Ok Loah, .45 and othere that have never ice fished.
I'm calling you out!
Let's do the deed, and getrdun!
Either East Canyon, Rockport or Strawberry.
January what? You pick.
I have all needed equipment. You just need the warm clothing and waterproof boots.
How about it boys, is it a date?


----------



## LOAH (Sep 29, 2007)

Grandpa D, you're a heck of a nice guy.

My ice-hole virginity has been spoken for though. :lol: 

On the 12th, I'm being inducted to the world of ice fishing by a group of our fine members (be gentle guys...It's my first time :lol: ).

It'll be a good outing, I'm sure.

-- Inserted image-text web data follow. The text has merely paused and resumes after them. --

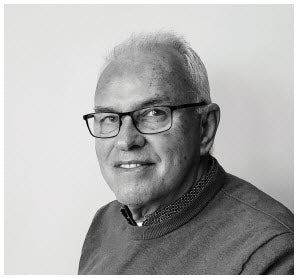 Mart Krijger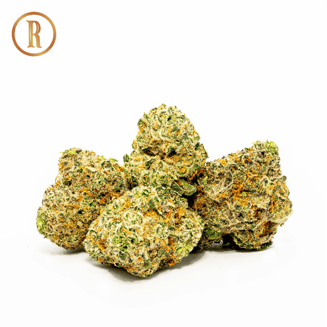 Sweet N' Gassy by Redemption Cannabis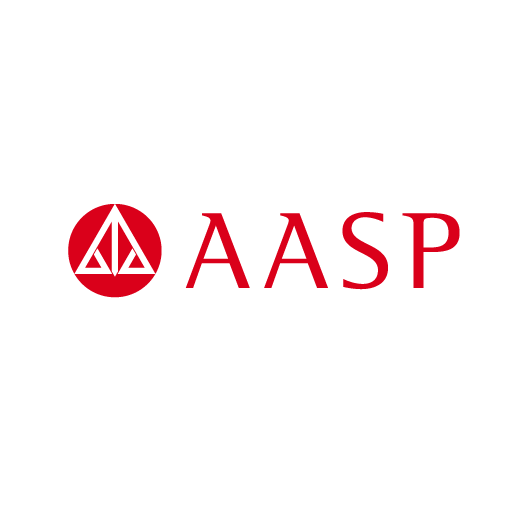 Clube de Beneficios AASP logo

All the gear will be there, so no worries.

I would, however, love to get out on the ice with you Grandpa D. I'll take you up on that offer as soon as it's convenient for you (and .45?) after the 12th.

Let me know. Thanks for the offer.


----------



## Hellsangler69 (Sep 26, 2007)

Ahh shucks , I thought you were going to sacrifice a virgin on the ice . I could bring some fire . I like fire . :lol:


----------



## .45 (Sep 21, 2007)

Grandpa D said:


> Ok Loah, .45 and othere that have never ice fished.
> I'm calling you out!
> Let's do the deed, and getrdun!
> Either East Canyon, Rockport or Strawberry.
> ...


You must have looked in the wrong place Grandpa D !!!... :shock:

I'm not virgin to the ice at all !! If you were to look waaaaay back when this forum started, I splained ( Lucy ) why I don't care to ice fish anymore...I have ice fished a lot at Otter Creek, Bottle Hollow, Strawberry, Starvation, East Canyon and even tried ice fishing a few smaller river's...sooooooo. you see I'm no virgin. Just don't like it anymore...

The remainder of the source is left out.